PAYNE, District Judge.

Plaintiffs were injured when a passenger train collided with a truck owned' by, Sears Concrete Corporation (“Sears Concrete”) on April 29, 1992, in Newport News, Virginia. Plaintiffs sued The National Railroad Passenger Corporation (“Amtrak”), the owner and operator of the train, and CSX Transportation, Inc. (“CSX”) the owner of the tracks, seeking compensatory and punitive damages. Amtrak and CSX instituted a third-party action against Sears Concrete seeking contribution and indemnification, and thereafter amended their third-party complaint to join Sears Sand and Gravel, Inc. (“Sears Sand”) and Sears Contracting Corporation (“Sears Contracting”) as third-party defendants.

All three third-party defendants moved to dismiss the third-party actions against them. Because those motions relied on material beyond the third-party complaint, they were treated as motions for summary judgment. In a Memorandum Opinion and Order dated May 26,1993, the court denied the motions of Sears Concrete and Sears Contracting and granted the motion of Sears Sand, finding that Sears Sand ceased to exist in 1989. The action against Sears Sand was thereupon dismissed. Amtrak and CSX then moved for partial summary judgment, contending that Sears Contracting is the corporate successor of Sears Concrete, and hence liable for its tort obligations, because: (1) there was a de facto merger of Sears Concrete and Sears Contracting; and (2) Sears Contracting is a mere continuation of Sears Concrete. For the reasons set forth below, the motion of Amtrak and CSX for partial summary judgment is GRANTED.

STATEMENT OF FACTS

Sears Concrete, formerly a partnership, was incorporated in 1985. Upon incorporation, Robert J. Sears (“Robert”) became president and his son, Randall K. Sears (“Randy”), became treasurer.
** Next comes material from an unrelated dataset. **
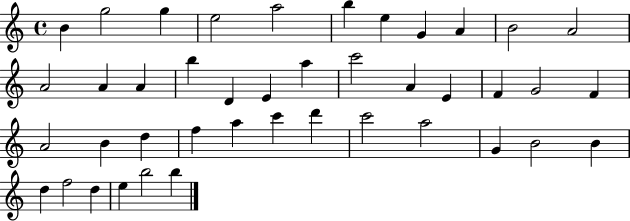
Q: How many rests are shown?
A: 0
Robert’s daughter served as the corporate secretary. Robert and Randy are, and since incorporation have been, the only two shareholders of Sears Concrete, owning eighty-one and seventy-four shares respectively. Neither paid money for the stock, though they gave other consideration. Randy and Robert are also the company’s only directors.

The principal business of Sears Concrete was making and hauling concrete and hauling excavated material. For these purposes, Sears Concrete owned various equipment, consisting principally of trucks and trailers. Prior to May 1992, it employed a number of individuals, including truck drivers and clerical personnel. Sears Concrete is physically located on land owned by Robert at Route 6, Box 5005, Gloucester, Virginia. Robert re *546 eeived no rent from Sears Concrete for use of the land.

In early April 1992, the directors of Sears Concrete began the process of forming a new corporation for the purpose of securing more favorable workers’ compensation rates. On May 1, 1992, two days after the collision which gave rise to this action, Sears Contracting was incorporated. Three weeks later, on May 20, 1992, Sears Concrete transferred its equipment to Sears Contracting. Sears Concrete received no consideration for its equity in the equipment. Sears Contracting, however, assumed responsibility for the remaining balances owed on the various pieces of equipment.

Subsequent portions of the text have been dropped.